Introduction: solving the great debt-equity distortion
It’s a problem in corporate tax systems as old as corporate tax itself: the debt-equity bias. Interest on corporate tax debt is deductible. By contrast, the cost related to equity financing in the form of dividends paid, cannot be deducted against profits. The tax savings inherent to interest deduction creates an incentive for companies to overly rely on debt financing. This is problematic because corporate debt can be a device for tax abuse, and excessive debt makes companies less shock-proof. In times of crisis, this increases the risk of insolvency and, as the IMF has argued, threatens global financial stability.
Broadly speaking, there are two ways to solve the debt-equity bias. On the one extreme, corporate tax systems could be reformed to treat equity like debt for tax purposes. This could be done by introducing what tax policy theorists call an ‘allowance for corporate equity’: a fictional tax deduction calculated in function of a company’s equity which mimics the deduction of a company’s interest cost. On the other end of the spectrum, corporate tax systems could be reformed to treat debt like equity for tax purposes. This entails the full non-deductibility of interest payments. Policy theorists refer to such a system as a ‘comprehensive business income tax’.
In practice, only a handful of countries have implemented some kind of allowance for corporate equity. The Tax Justice Network’s Corporate Tax Haven Index shows that in 2021, of the 70 countries analysed, 8 countries had a fictional interest deduction of equity in place, 6 of them being EU countries. Those countries that do so combine it with interest deduction limitation rules. Interest deduction limits are more widespread, especially after the adoption and implementation of the BEPS Action 4 minimum standard.
Both systems – an allowance for corporate equity, and non-deductibility of interest payments – come with different properties.

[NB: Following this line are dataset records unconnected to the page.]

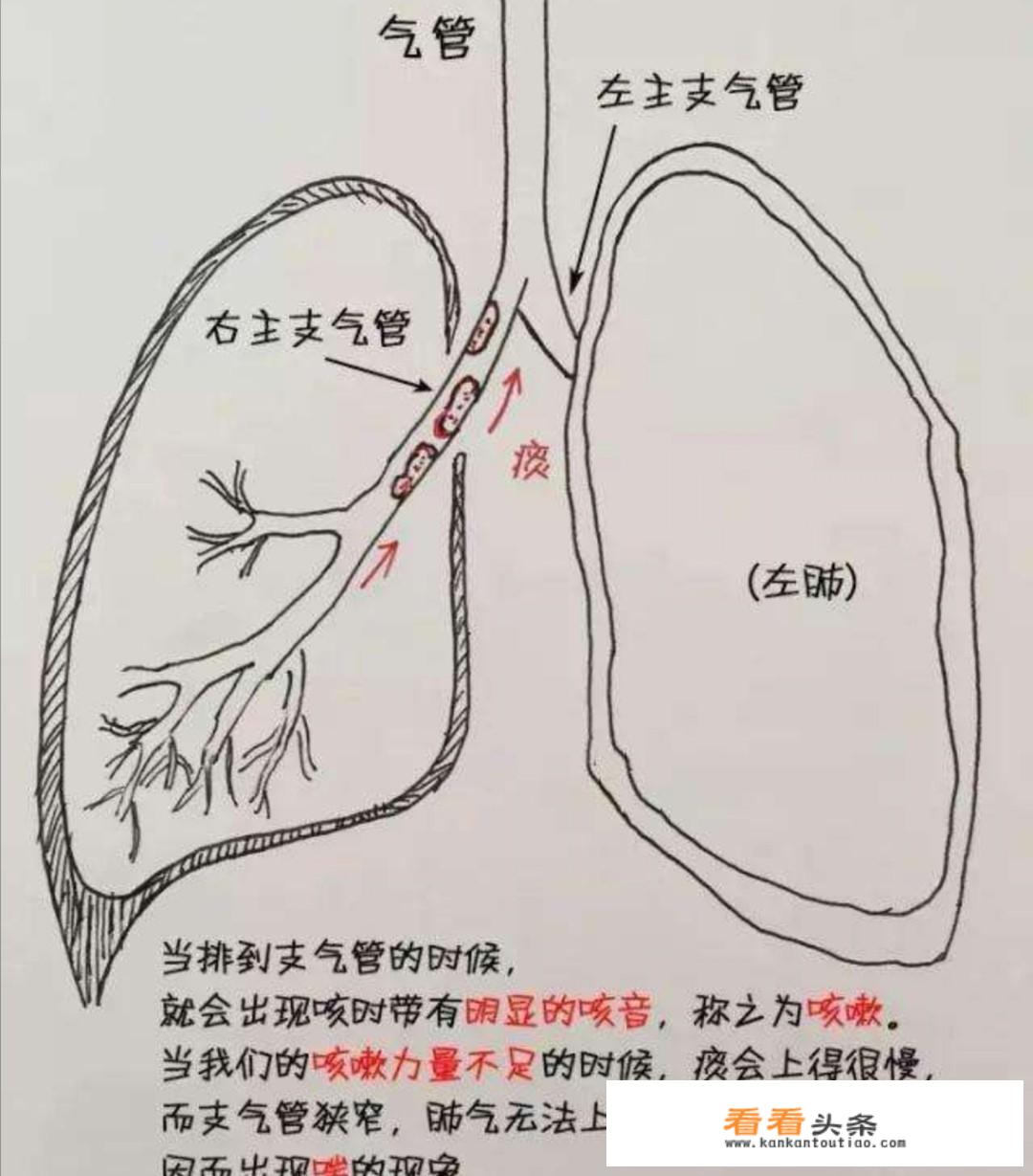 黄痰和白痰哪个厉害，黄痰和白痰的不同之处？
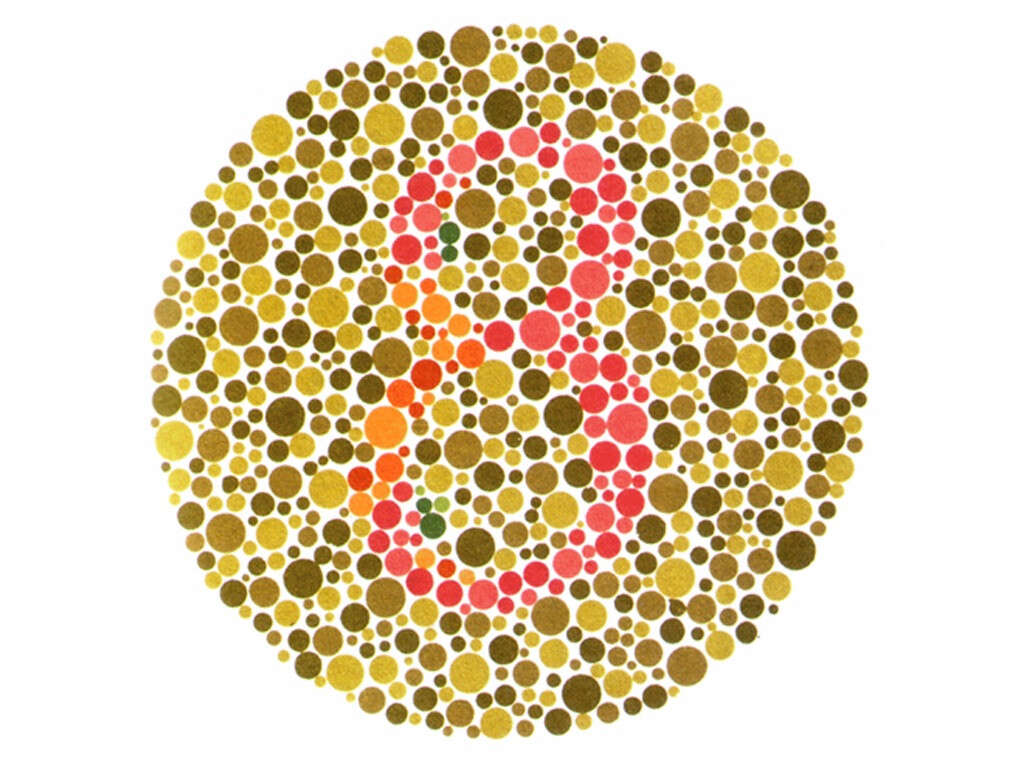 Optic Neuritis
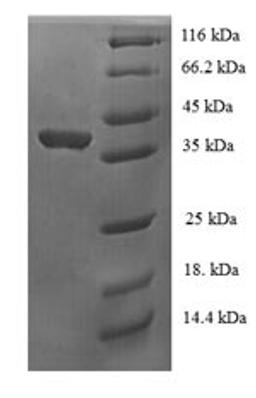 (Tris-Glycine gel) Discontinuous SDS-PAGE (reduced) with 5% enrichment gel and 15% separation gel.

For one, the adoption of a corporate equity allowance type system fundamentally narrows the corporate tax base because it grants an additional tax deduction. This reduces countries’ tax revenues. A comprehensive business income tax type system widens the tax base, thus increasing tax revenues. An asymmetric adoption of corporate equity allowance systems by only a few countries can furthermore induce new forms of tax abuse which is not always easy to tackle with anti-abuse measures, thereby putting additional pressure on tax revenues.
For these reasons, the Tax Justice Network’s Corporate Tax Haven Index gives good marks to those countries implementing the strongest interest deduction limitations (see Indicator 15). Countries introducing corporate equity allowance-type fictional interest deductions for equity receive bad marks (seeIndicator 8). With its corporate equity allowance component and limited interest deduction, the EU Commission’s DEBRA proposal provides 27 EU Member States with implementation homework that is guaranteed to get them bad marks on the index.

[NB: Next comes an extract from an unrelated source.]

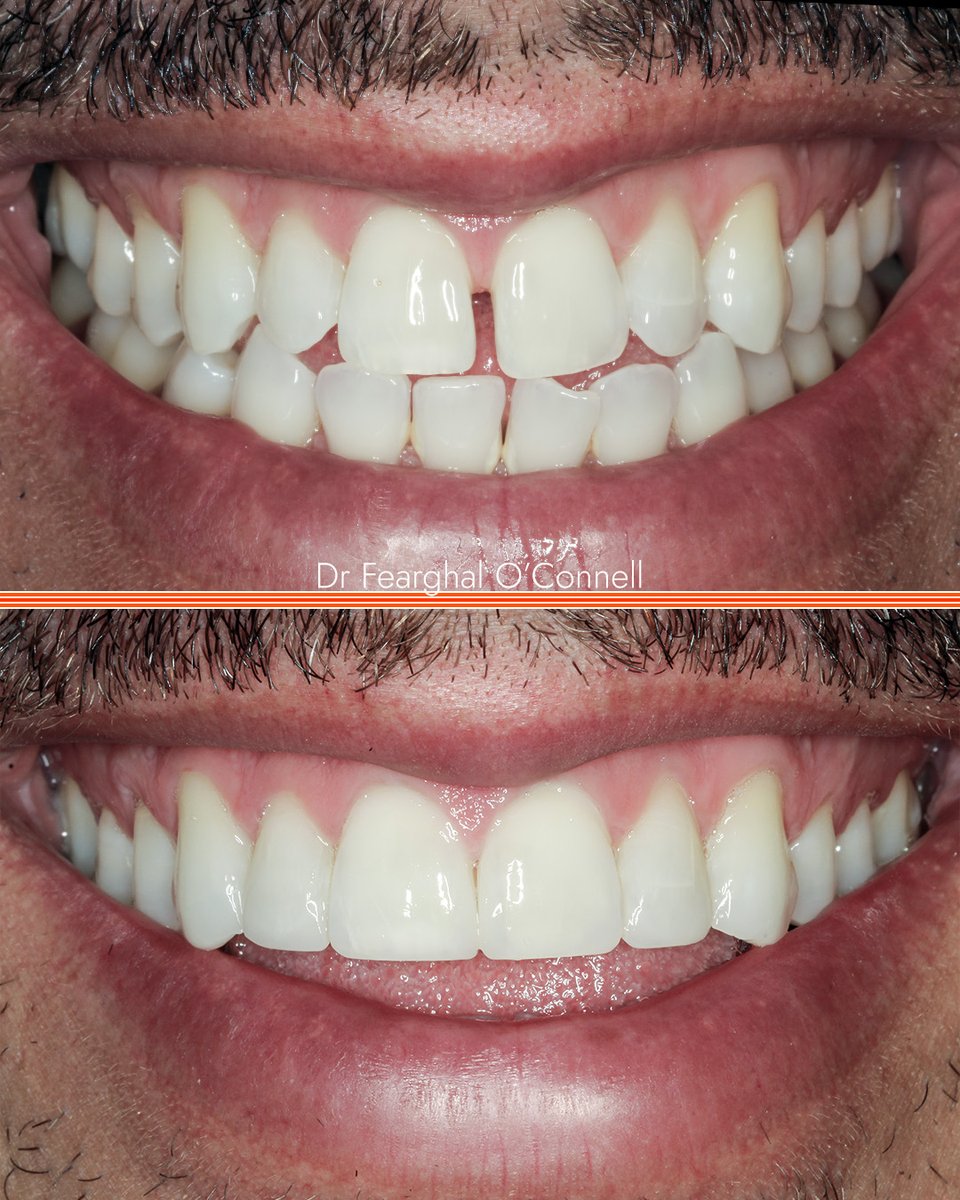 Turning frowns into stunning smiles, one gap at a time! 🌟 Witness the incredible work of Dr Fearghal O'Connell at 3Dental - crafting a full, straight and harmonious transformation that could be your reality too! 🦷😁 #SmileTransformation #HappyPatient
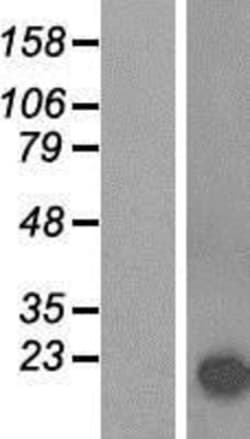Novus Biologicals&trade;&nbsp;alpha-Synuclein Overexpression Lysate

Misguided modelling and selective analysis
Aside from corporate equity allowance measures altogether not being recommendable, the EU Commission’s DEBRA proposal is also majorly flawed in its analysis and assessment of the different policy options available to solve the debt-equity bias.

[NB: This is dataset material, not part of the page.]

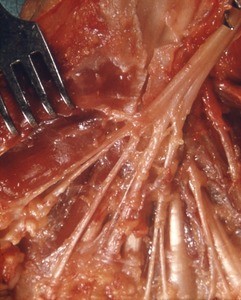 Natural color photograph of dissection of the hand, anterior view, showing the branches of the median nerve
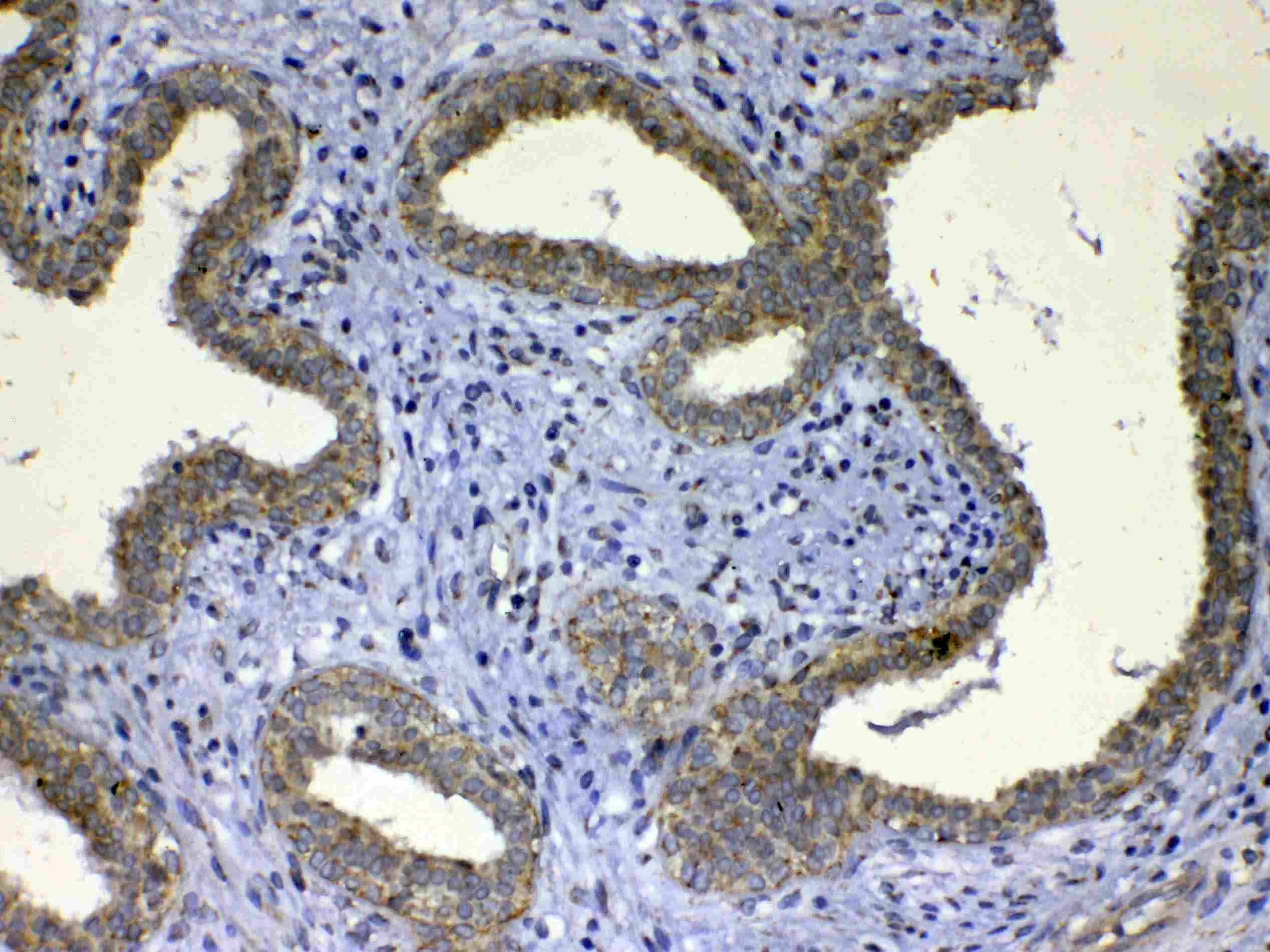 UGT1A / UGT1A1 Antibody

The assessment is based on a selection of policy options which range from the one extreme of a self-standing corporate equity allowance (‘a hard ACE’, ie a notional interest deduction for all equity) without interest deduction limitation, to the other extreme of a full non-deduction of interest system. Not surprisingly, these extreme scenarios are discarded because the mathematical modelling shows their introduction would be too disruptive: a hard equity allowance is predicted to be too costly, and full non-deductibility of interest payments is predicted to be detrimental to international ‘competitiveness’.
The scenario of a self-standing corporate equity allowance (a ‘soft ACE,’ ie a notional interest deduction only for new equity) is also tested, yet the EU Commission’s preferred option is that of the ‘soft ACE’ combined with a limited non-deductibility of interest payments. No good reason is given for this and there is no analysis of other valuable scenarios, like that of self-standing limited non-deductibility of interest payments. Such a scenario would avoid the disruptive edge of full non-deductibility while avoiding shrinking tax bases and tax abuse risks associated with the equity allowance.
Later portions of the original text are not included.